All of lore.kernel.org
 help / color / mirror / Atom feed
From: Mathieu Desnoyers <mathieu.desnoyers@polymtl.ca>
To: Jens Axboe <axboe@kernel.dk>, Andrea Arcangeli <andrea@suse.de>,
	akpm@linux-foundation.org, Ingo Molnar <mingo@elte.hu>,
	Linus Torvalds <torvalds@linux-foundation.org>
Cc: linux-kernel@vger.kernel.org, ltt-dev@lists.casi.polymtl.ca
Subject: [RFC PATCH] block: Fix bio merge induced high I/O latency
Date: Sat, 17 Jan 2009 11:26:57 -0500	[thread overview]
Message-ID: <20090117162657.GA31965@Krystal> (raw)
In-Reply-To: <20090117004439.GA11492@Krystal>

A long standing I/O regression (since 2.6.18, still there today) has hit
Slashdot recently :
http://bugzilla.kernel.org/show_bug.cgi?id=12309
http://it.slashdot.org/article.pl?sid=09/01/15/049201

I've taken a trace reproducing the wrong behavior on my machine and I
think it's getting us somewhere.

LTTng 0.83, kernel 2.6.28
Machine : Intel Xeon E5405 dual quad-core, 16GB ram
(just created a new block-trace.c LTTng probe which is not released yet.
It basically replaces blktrace)


echo 3 > /proc/sys/vm/drop_caches

lttctl -C -w /tmp/trace -o channel.mm.bufnum=8 -o channel.block.bufnum=64 trace

dd if=/dev/zero of=/tmp/newfile bs=1M count=1M
cp -ax music /tmp   (copying 1.1GB of mp3)
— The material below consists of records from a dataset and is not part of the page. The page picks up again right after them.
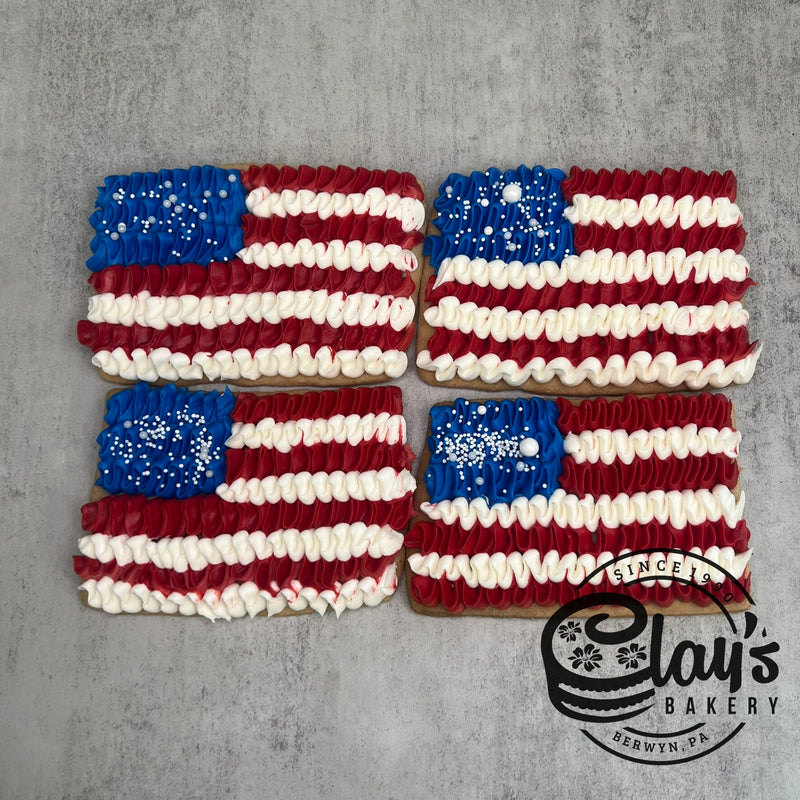 Ruffled American Flag Cookies (Buttercream Only)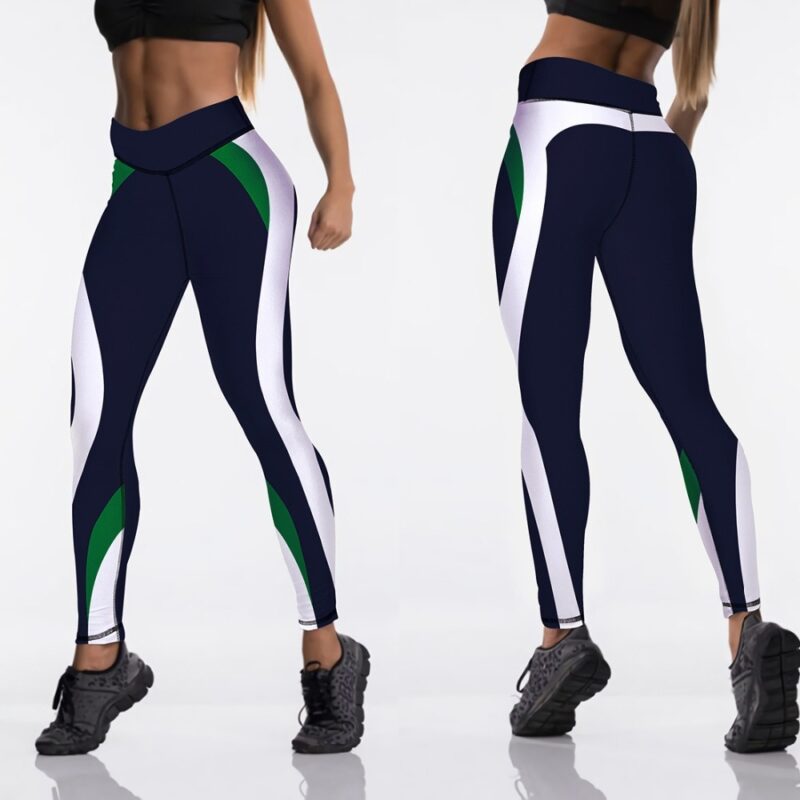 Qickitout 12%spandex Sexy High Waist Elasticity Women Digital Printed Leggings Push Up Strength Pants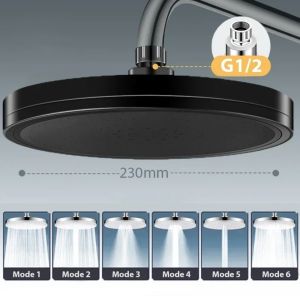 LITUILI Áp suất cao Đầu vòi hoa sen phun mưa Có bộ lọc 6 chế độ Đầu vòi hoa sen Phụ kiện phòng tắm Có thể điều chỉnh Vòi hoa sen Phòng tắm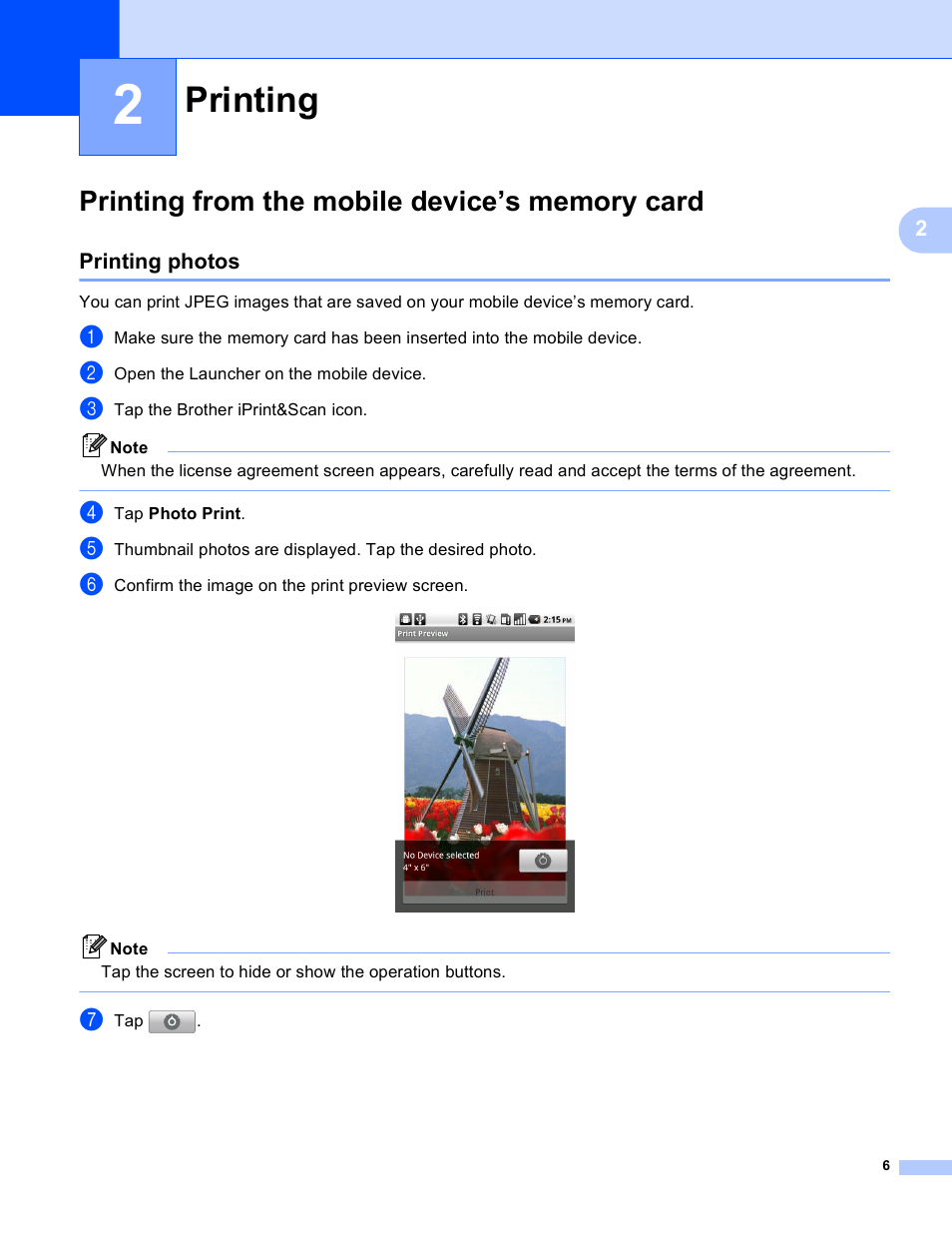 2 printing, Printing from the mobile device’s memory card, Printing photos | Printing | Brother iPrint&Scan Version A User Manual | Page 10 / 69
ls  (takes 15 seconds to get the directory listing !)

lttctl -D trace

I looked at the trace (especially at the ls surroundings), and bash is
waiting for a few seconds for I/O in the exec system call (to exec ls).

While this happens, we have dd doing lots and lots of bio_queue. There
is a bio_backmerge after each bio_queue event. This is reasonable,
because dd is writing to a contiguous file.

However, I wonder if this is not the actual problem. We have dd which
has the head request in the elevator request queue. It is progressing
steadily by plugging/unplugging the device periodically and gets its
work done. However, because requests are being dequeued at the same
rate others are being merged, I suspect it stays at the top of the queue
and does not let the other unrelated requests run.

There is a test in the blk-merge.c which makes sure that merged requests
do not get bigger than a certain size. However, if the request is
steadily dequeued, I think this test is not doing anything.


This patch implements a basic test to make sure we never merge more than 128
requests into the same request if it is the "last_merge" request. I have not
been able to trigger the problem again with the fix applied. It might not be in
a perfect state : there may be better solutions to the problem, but I think it
helps pointing out where the culprit lays.

Signed-off-by: Mathieu Desnoyers <mathieu.desnoyers@polymtl.ca>
CC: Jens Axboe <axboe@kernel.dk>
CC: Andrea Arcangeli <andrea@suse.de>
CC: akpm@linux-foundation.org
CC: Ingo Molnar <mingo@elte.hu>
CC: Linus Torvalds <torvalds@linux-foundation.org>
---
 block/blk-merge.c      |   12 +++++++++---
 block/elevator.c       |   31 ++++++++++++++++++++++++++++---
 include/linux/blkdev.h |    1 +
 3 files changed, 38 insertions(+), 6 deletions(-)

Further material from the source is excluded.